Involving Consumers in your Research
Over the next few months Cate Wilson, Simon Craig, Marietta John-White and other project leads will contribute a series of articles outlining how we have involved consumers in the Million Minds research program, what we have learned and how we might improve things in the future.
Article 1: Recruiting a consumer advisor group for the Kids are not OK
When the “Kids are not Ok” program of research was funded by the Medical Research Futures Fund, we felt that it would be critical to get consumer advisors involved in the development, design and ongoing roll-out of the research for the 5 key project areas:
(1) Delphi Study – An email survey of staff, patients, carers and relevant community services eg. police, school counsellors. to prioritise research questions and agree on core outcome measures for future studies.
(2) Retrospective Study – A review of medical records
(3) Prospective Observational Study – Enrolment in the ED and follow-up for 12 months
(4) Safety Planning for Suicidality – We planned to conduct a trial of a safety planning program supported by an app and telephone support for patients who present to the Emergency Department at risk of suicidal crisis.
(5) Treatment for acute severe behavioural disturbance: which are the best medications? Randomised clinical trials of oral and IM medications
What came next….
We developed a flyer to assist with recruitment which outlined:
- what the program of research aimed to do
- what our consumer advisors would be asked to do
- what skills or experience would be helpful
- what the time commitment would likely be
- where meetings would be held (all changed since COVID!)
- what financial support would be offered ($50 per hour)
- how to apply/express interest
How did recruitment work….
- Initially, we asked a range of clinicians in different types of clinics/ward areas where children with a range of mental health conditions were seen, to approach potentially suitable people i.e. Parents or youth of 18 years plus. Prior to this, we had met with the clinicians to explain what we wanted and to equip them with the flyers. Then we kept in touch to see if they had approached anyone.

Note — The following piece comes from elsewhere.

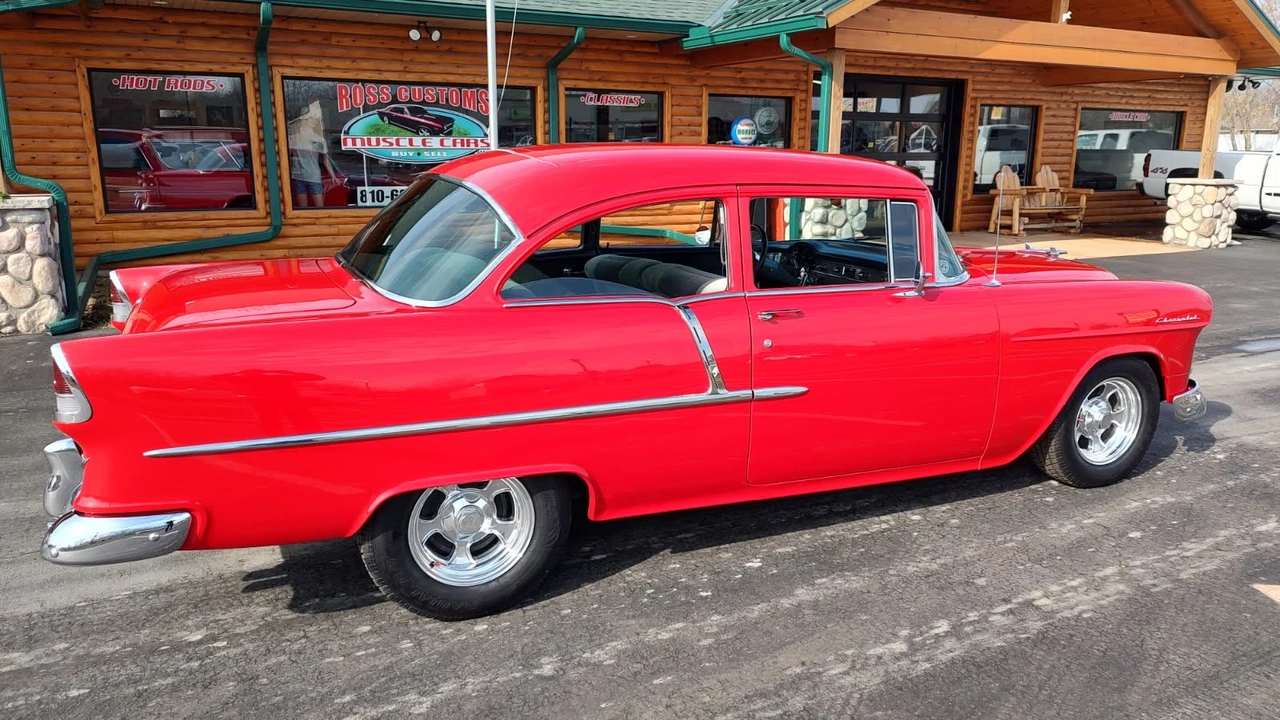 1955 Chevrolet 150 & 210 - Image 20 of 31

- Response was slow but after 4 weeks we had a carer consultant refer us a potential consumer. Two of us met with our first consumer in the hospital café and we had a casual chat to explain more about the role, answer questions and generally assess that we both understood each other. It went well and after the meeting we offered the position formally via an email and it was accepted.
- We had not received any other referrals from the clinicians – so we asked our first consumer about how we might recruit some others? This was a stroke of genius as she put the word out to other people and on closed facebook groups which we otherwise would not have had access to.

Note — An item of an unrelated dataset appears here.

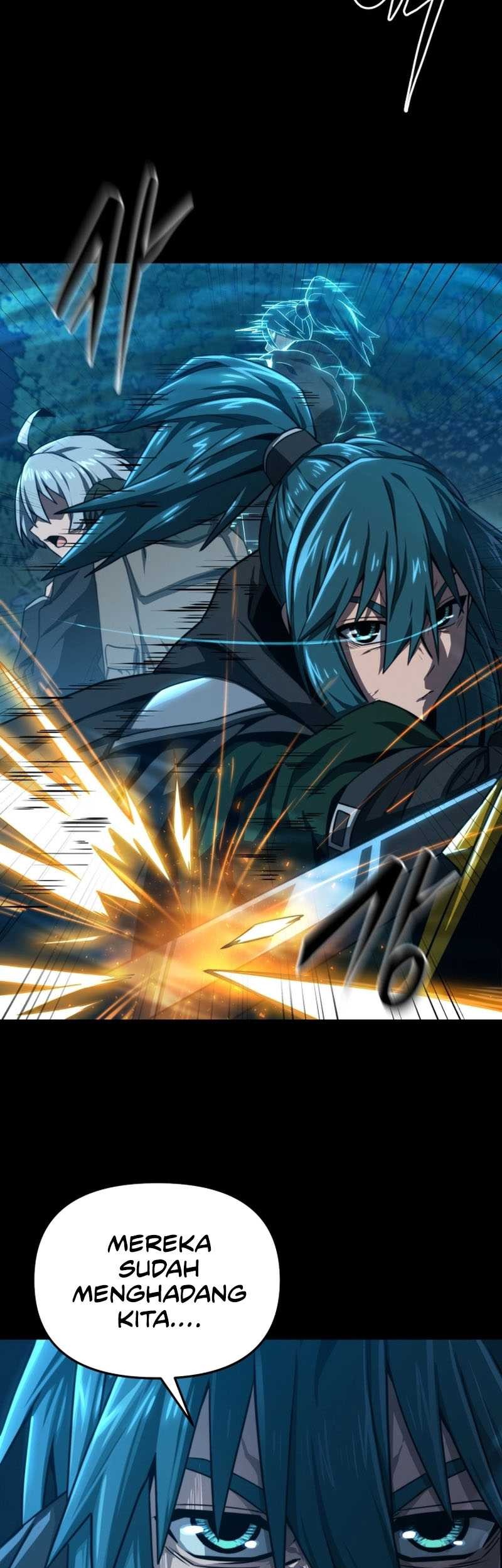 Damn Demonic Swords Chapter 12 - halaman 23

- More consumers approached us and again we did coffee (pre-COVID times!) or talked over the phone. We recruited three more people into our consumer advisory group who provided a range of experiences and skills.
- There were a couple of people who approached us but did not meet our requirements in terms of experience (of MH), or they later felt they could not commit.
Preparation and training….
Our organization required our consumers to complete a confidentiality agreement. We also explained the confidentiality agreement to them and they were happy to comply.
We got the group together for face-to-face training (when this was possible) and in a 1 hour meeting we covered the following:
- description of the funded projects
- how Consumer Advisors would contribute
- research ethics and good clinical practice basics
- how to contribute effectively in meetings
- how to review documents such as PICFs
- developing a brief summary of your story that you are comfortable to share
- remuneration process
- what to do if there are problems or concerns/who to go to
- any other questions
Some links and pdfs were also provided to support the above topics.
The consumers were remunerated for their participation in training.
- We contact the group when we want their involvement in specific projects.
- We do a yearly newsletter for the consumer group that outlines progress of the whole research program.
- We have asked each member to complete a confidential, brief survey to evaluate how they are experiencing their involvement in the research.
What we learned about setting up a consumer advisor group….
- It takes time – ideally start when you are thinking about the grant and get input to your aims, indicators and research priorities too!
- Consumers are fantastic at recruiting other like-minded consumers!
- Try and recruit at least 4 – 6 people as often 1 or 2 people can’t make it to a specific meeting.
- Ensure you budget adequately for remuneration in your grant.